* EXERCISE: Pick out and copy every line below that has the word "London".

BEGIN GIVEN DATA

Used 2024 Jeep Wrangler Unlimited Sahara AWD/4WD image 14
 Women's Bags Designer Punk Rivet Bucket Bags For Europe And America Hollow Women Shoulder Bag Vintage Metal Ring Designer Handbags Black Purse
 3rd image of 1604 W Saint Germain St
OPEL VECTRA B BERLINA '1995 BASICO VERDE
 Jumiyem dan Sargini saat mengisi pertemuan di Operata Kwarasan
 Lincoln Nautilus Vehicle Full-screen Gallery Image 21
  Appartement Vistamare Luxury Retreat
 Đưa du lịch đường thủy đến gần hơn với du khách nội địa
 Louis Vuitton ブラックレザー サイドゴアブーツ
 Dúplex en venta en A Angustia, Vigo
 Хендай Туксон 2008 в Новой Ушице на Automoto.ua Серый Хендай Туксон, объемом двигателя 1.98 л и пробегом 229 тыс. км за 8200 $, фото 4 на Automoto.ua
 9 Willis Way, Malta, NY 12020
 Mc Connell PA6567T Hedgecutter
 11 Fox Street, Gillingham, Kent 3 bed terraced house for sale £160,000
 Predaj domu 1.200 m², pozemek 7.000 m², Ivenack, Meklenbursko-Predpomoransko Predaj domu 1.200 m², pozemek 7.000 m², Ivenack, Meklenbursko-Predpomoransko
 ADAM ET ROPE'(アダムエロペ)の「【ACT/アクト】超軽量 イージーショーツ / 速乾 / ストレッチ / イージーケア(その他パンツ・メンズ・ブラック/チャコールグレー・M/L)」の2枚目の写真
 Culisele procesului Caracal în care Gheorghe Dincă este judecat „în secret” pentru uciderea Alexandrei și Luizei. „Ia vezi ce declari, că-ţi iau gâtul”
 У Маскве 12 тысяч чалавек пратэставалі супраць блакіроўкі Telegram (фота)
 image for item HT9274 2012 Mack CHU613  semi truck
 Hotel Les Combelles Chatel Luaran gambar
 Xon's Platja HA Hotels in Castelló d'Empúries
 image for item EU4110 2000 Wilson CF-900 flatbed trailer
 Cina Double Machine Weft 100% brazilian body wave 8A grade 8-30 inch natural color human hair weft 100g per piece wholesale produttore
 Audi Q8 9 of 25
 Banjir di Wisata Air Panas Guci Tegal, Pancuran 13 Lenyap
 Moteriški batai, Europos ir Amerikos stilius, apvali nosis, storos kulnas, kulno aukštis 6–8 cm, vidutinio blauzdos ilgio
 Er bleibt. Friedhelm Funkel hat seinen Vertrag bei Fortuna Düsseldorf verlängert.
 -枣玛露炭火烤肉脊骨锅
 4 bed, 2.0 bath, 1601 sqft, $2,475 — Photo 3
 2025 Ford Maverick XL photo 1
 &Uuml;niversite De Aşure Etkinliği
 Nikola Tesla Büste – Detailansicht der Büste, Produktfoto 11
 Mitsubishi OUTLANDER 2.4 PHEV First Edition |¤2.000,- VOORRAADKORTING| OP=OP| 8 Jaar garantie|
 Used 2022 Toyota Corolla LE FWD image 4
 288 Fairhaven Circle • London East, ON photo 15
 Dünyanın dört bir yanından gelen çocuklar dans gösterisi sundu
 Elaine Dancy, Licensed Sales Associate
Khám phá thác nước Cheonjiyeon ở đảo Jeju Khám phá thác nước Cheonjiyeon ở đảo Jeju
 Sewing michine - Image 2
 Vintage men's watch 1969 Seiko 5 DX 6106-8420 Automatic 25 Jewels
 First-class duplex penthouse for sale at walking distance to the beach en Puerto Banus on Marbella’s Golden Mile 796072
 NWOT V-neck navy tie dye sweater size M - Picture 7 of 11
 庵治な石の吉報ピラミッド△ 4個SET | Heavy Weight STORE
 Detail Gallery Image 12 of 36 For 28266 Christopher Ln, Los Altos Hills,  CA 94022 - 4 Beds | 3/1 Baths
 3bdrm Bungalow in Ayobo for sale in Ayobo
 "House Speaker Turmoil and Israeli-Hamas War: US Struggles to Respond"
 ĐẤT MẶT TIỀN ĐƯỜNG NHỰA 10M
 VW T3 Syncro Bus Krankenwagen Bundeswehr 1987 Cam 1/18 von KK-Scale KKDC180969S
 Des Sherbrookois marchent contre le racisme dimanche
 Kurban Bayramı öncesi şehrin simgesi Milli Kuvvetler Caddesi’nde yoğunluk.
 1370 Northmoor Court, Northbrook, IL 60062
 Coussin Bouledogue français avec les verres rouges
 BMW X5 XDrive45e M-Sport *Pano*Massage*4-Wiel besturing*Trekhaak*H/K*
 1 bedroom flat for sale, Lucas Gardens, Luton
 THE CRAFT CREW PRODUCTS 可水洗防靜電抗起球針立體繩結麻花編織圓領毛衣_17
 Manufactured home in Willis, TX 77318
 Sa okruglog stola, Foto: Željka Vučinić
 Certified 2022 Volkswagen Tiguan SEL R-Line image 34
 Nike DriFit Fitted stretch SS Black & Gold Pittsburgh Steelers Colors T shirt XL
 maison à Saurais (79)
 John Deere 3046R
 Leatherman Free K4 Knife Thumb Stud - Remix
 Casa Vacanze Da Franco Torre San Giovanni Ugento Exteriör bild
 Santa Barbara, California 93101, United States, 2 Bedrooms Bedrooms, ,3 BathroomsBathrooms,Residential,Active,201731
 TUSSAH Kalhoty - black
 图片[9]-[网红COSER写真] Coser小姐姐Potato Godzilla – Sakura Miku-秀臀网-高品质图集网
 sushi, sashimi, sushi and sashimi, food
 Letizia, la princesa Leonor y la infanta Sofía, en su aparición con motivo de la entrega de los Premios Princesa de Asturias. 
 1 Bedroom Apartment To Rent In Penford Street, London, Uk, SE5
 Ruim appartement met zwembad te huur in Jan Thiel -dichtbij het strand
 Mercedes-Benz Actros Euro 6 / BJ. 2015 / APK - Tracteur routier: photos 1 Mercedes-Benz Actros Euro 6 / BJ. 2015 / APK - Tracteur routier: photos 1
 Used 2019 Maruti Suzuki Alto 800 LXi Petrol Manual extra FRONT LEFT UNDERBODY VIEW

END GIVEN DATA

* RESULT FOR THIS TASK:
 288 Fairhaven Circle • London East, ON photo 15
 1 Bedroom Apartment To Rent In Penford Street, London, Uk, SE5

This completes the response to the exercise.